Exercise prompt:
Copy out the data from the line containing "Samsung Galaxy Tab" to its last line, exactly. No pictures.

Exercise input:
◇ ◇ ◇ ◇
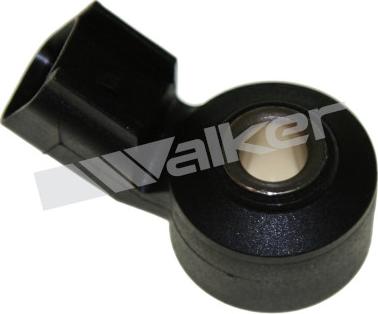 Walker Products 242-1075 - Датчик детонации autosila-amz.com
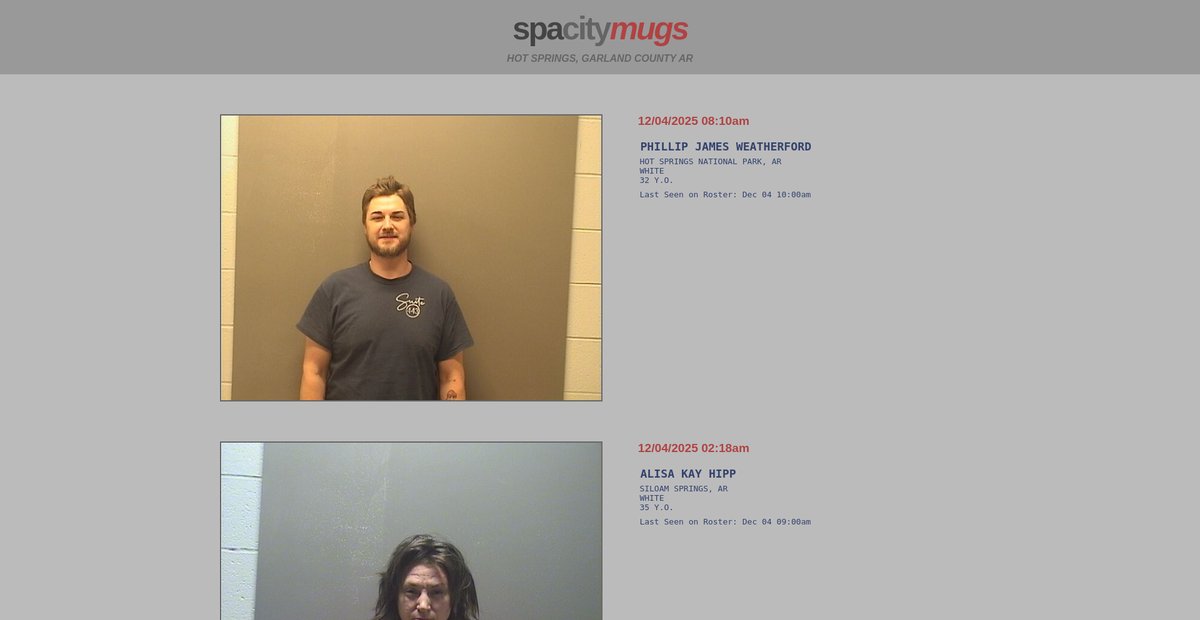 Preview of spacitymugs.com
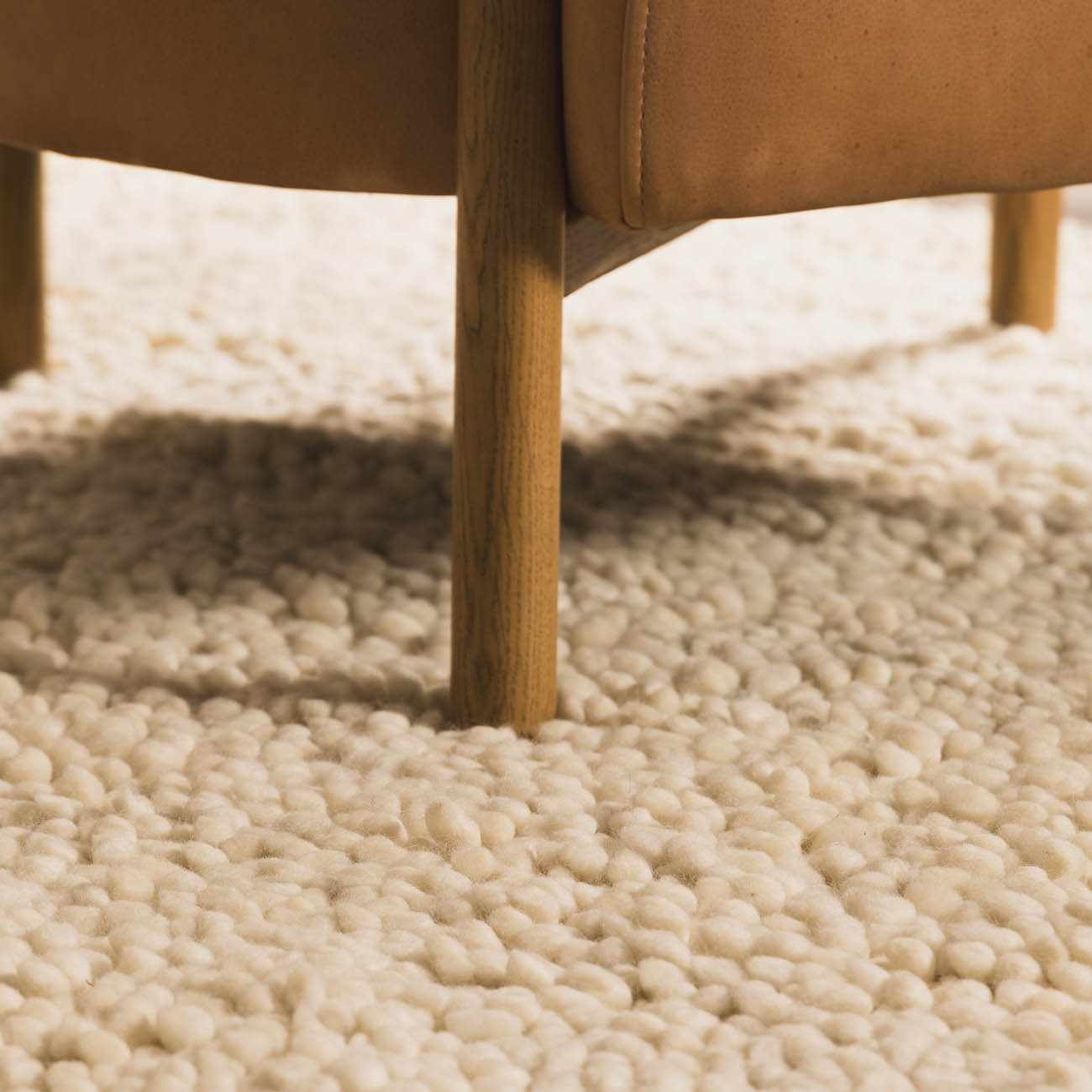 Oakridge Area Rug - Clearance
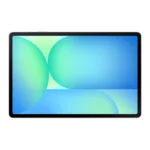 Samsung Galaxy Tab S10 FE Plus WIFI Long Battery Life Android Tablet - Image 5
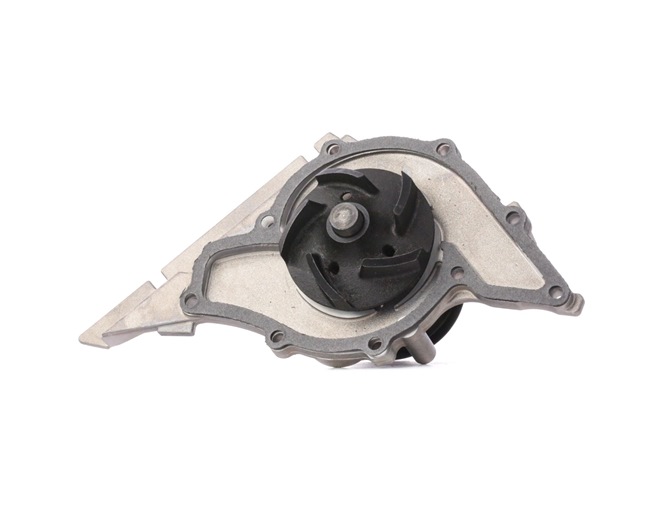 VW 4.2 V8 4motion 335 HV Bensiini Vesipumppu OEM 077121004M CONTITECH netistä edulliseen hintaan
◇ ◇ ◇ ◇
Finished exercise:
 Samsung Galaxy Tab S10 FE Plus WIFI Long Battery Life Android Tablet - Image 5
 VW 4.2 V8 4motion 335 HV Bensiini Vesipumppu OEM 077121004M CONTITECH netistä edulliseen hintaan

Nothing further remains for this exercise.